• [Dataset]
•••

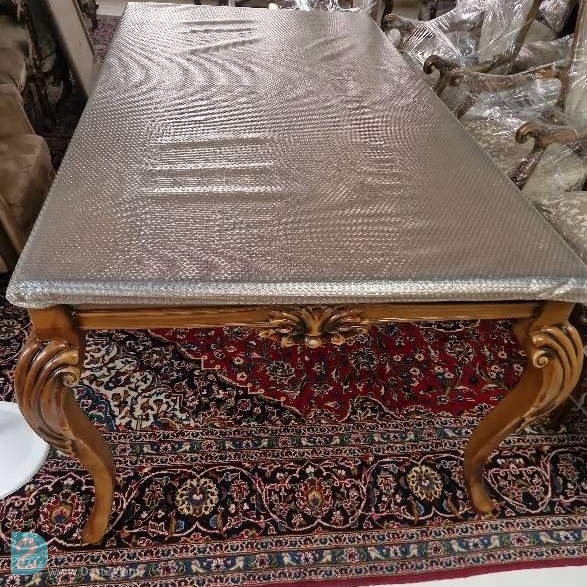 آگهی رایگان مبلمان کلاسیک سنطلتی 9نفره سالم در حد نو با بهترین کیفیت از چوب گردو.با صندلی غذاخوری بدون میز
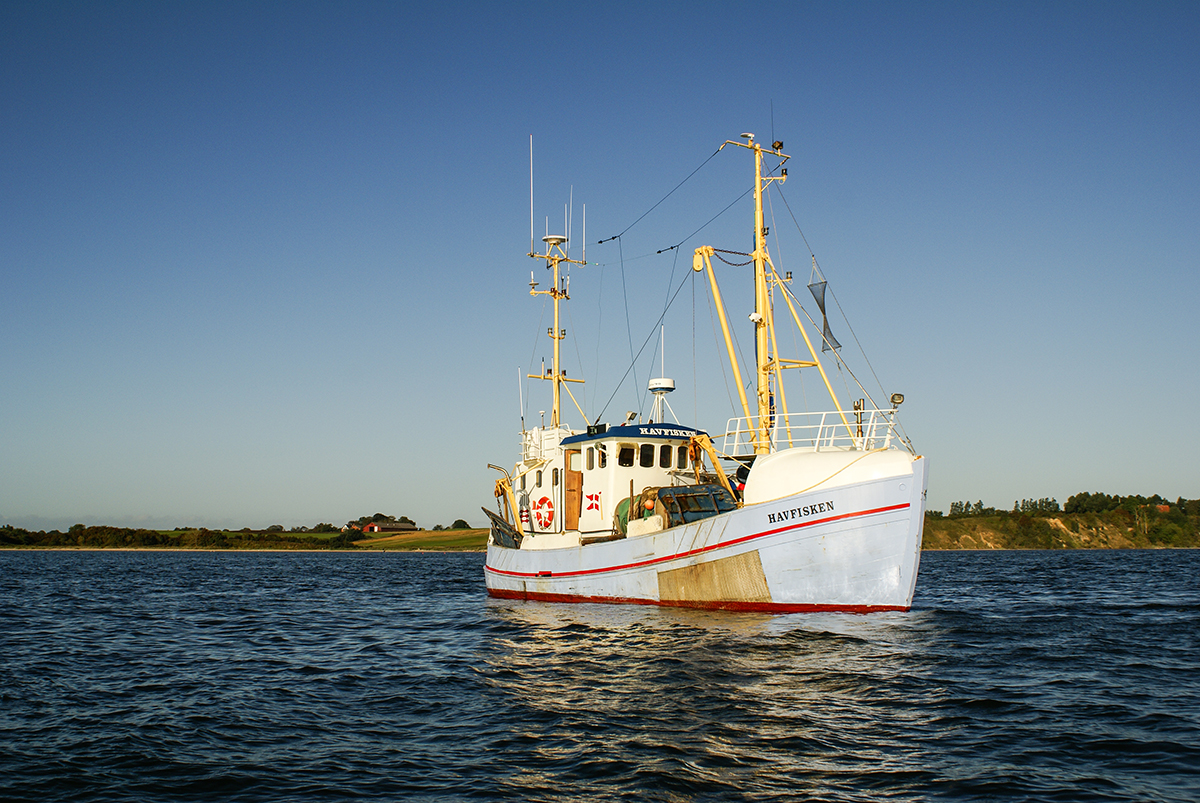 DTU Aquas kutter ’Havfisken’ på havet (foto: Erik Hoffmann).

•••

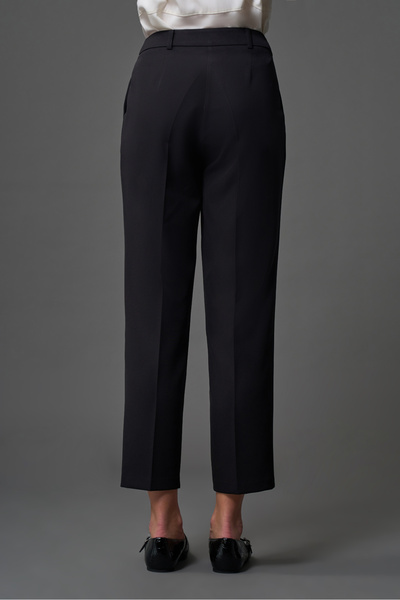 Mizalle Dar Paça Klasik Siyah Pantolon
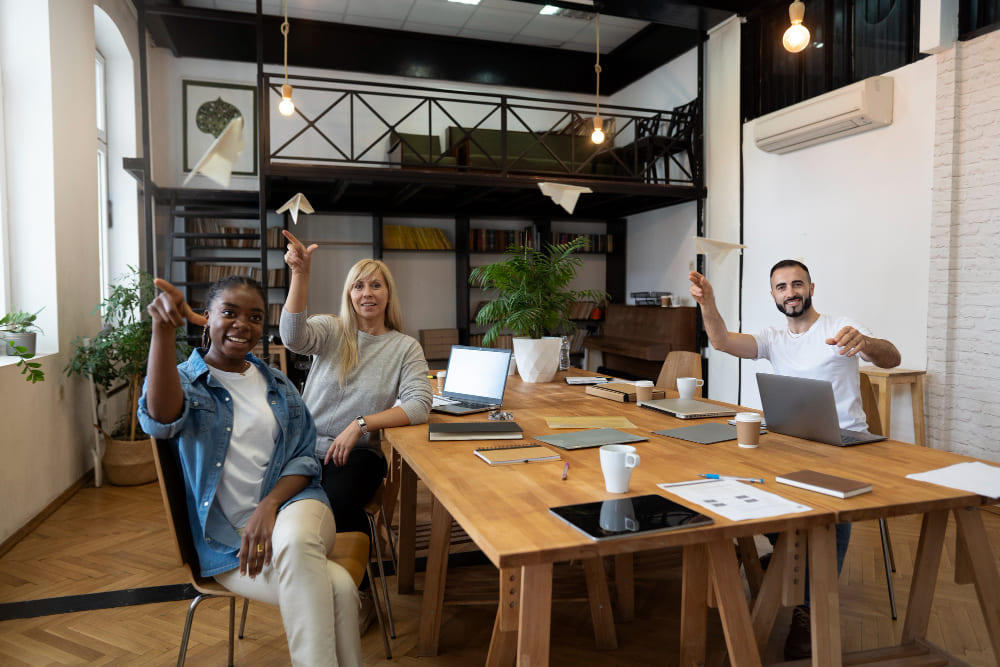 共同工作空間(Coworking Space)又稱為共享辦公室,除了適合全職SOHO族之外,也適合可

•••

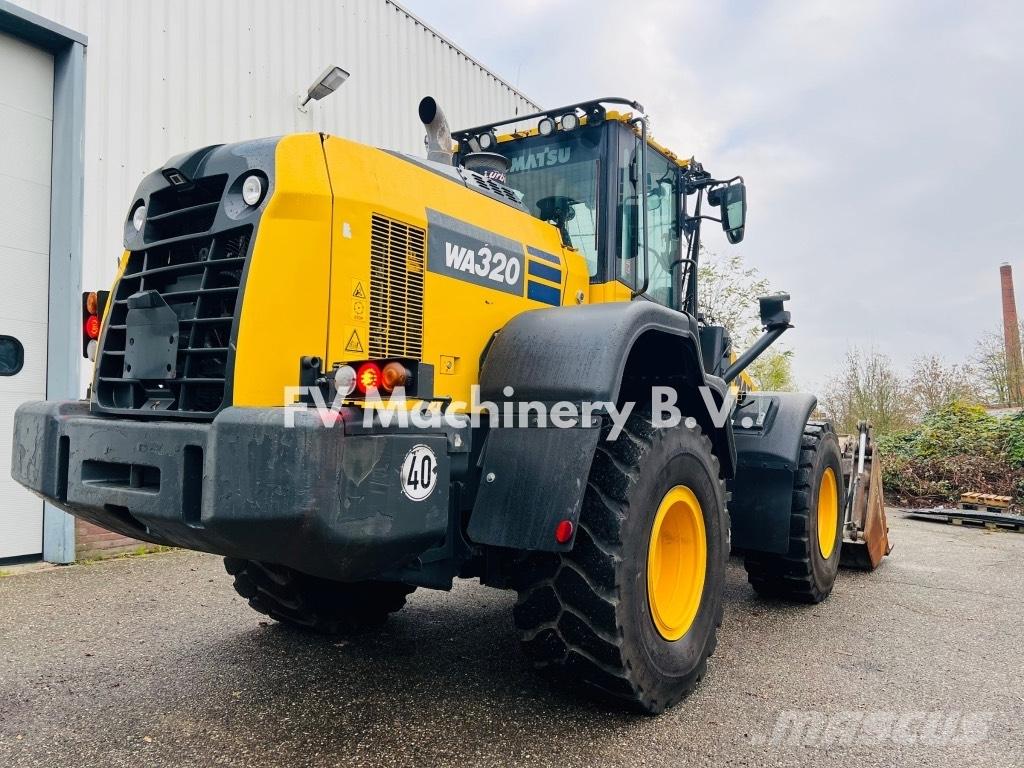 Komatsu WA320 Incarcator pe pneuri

•••

• [What is expected] Write out the lines above from the one with "آگهی رایگان مبلمان" through the one with "DTU Aquas kutter", ends included, exactly; no picture goes in.

• [Solution]
 آگهی رایگان مبلمان کلاسیک سنطلتی 9نفره سالم در حد نو با بهترین کیفیت از چوب گردو.با صندلی غذاخوری بدون میز
 DTU Aquas kutter ’Havfisken’ på havet (foto: Erik Hoffmann).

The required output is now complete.